You know the feeling. You wake up and before your feet hit the floor, the list is already running. Things to check. People to answer. Situations to monitor.
It feels responsible. It even feels righteous sometimes — like if you just stay on top of everything, you can keep the bad thing from happening. Whatever the bad thing is.
But here is what anxiety whispers when you are not paying attention: "You are the one holding this together."
That is the promise. That is the false gospel of control.
What control is really offering you
Control says: if you are vigilant enough, thorough enough, careful enough — you can outrun the thing you fear. It promises safety through mastery. And it is not entirely wrong. Being responsible is good. Planning is good.
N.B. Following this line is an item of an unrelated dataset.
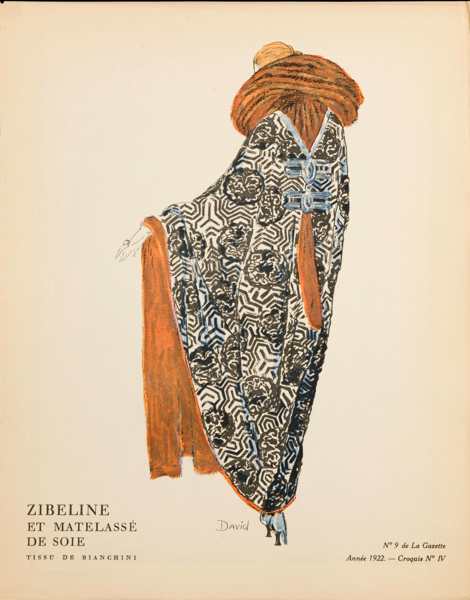 Gazette du Bon Ton, n. 9, cr. n. IV, 1922.  Zibeline et matelassé desoie. Tissu de Bianchini.  Museo del Tessuto, graziead un anonimo donatore.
But anxiety takes a good instinct and turns it into an idol.
The tell is this: you cannot stop. A responsible person plans and then rests. An anxious person plans and then plans the backup plan and then lies awake rehearsing what happens if both plans fail.
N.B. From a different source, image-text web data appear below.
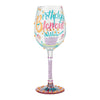 Birthday Blowout Hand-Painted Wine Glass, 15 oz.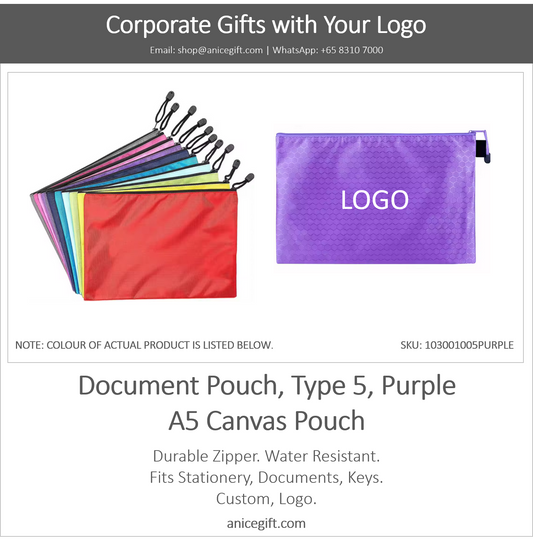 Document Pouch, Type 5, Purple | A5 Canvas Pouch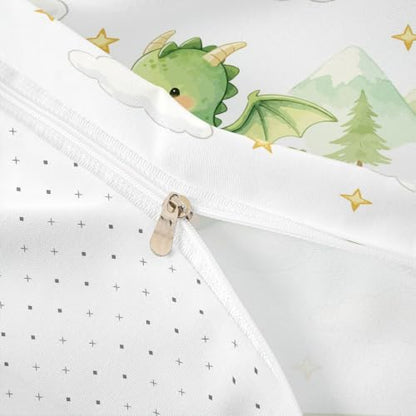 Castle Fairy Cute Dragon Duvet Cover Set Twin Watercolor Kids Bedding with Pillowcase - White Green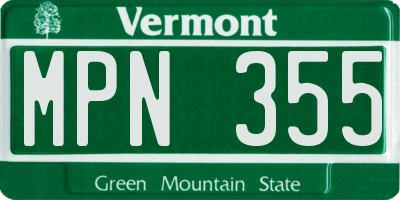 VT license plate MPN355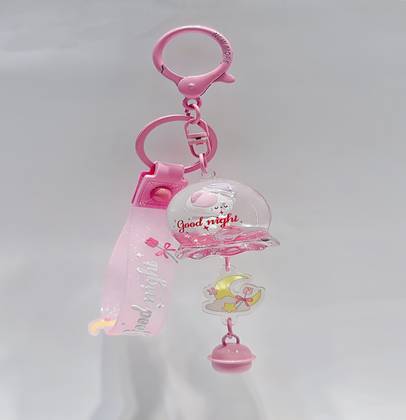 Sweet Dream Kitty Wind Chime-Shaped Keychain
Control is not asking for your diligence. It is asking for your worship. It wants to be the first thing you turn to in the morning and the last thing running through your mind at night.
Why it costs so much
The price of control is exhaustion that no amount of sleep can fix. Because the world never stops presenting new threats, and if you are the one responsible for managing all of them, you will never be off duty.
You may also notice that control makes you hard to be around. You become the person who needs to know the plan. You become irritable when things change. You grip the people you love a little too tightly — not because you are cruel, but because you are terrified.
This is the cost: you trade rest for a vigilance that never actually delivers the safety it promises.
The thing anxiety cannot tell you
Anxiety is excellent at naming threats. It is terrible at naming the one who holds all things together. The Christian claim is plain and almost absurdly simple: you are not the one holding this together. Someone else is. And he is not anxious.
This does not mean bad things will not happen. It means that when they do, you are not alone, and you are not in charge of preventing every one of them.
That is either the most foolish thing you have ever heard, or it is the most relieving.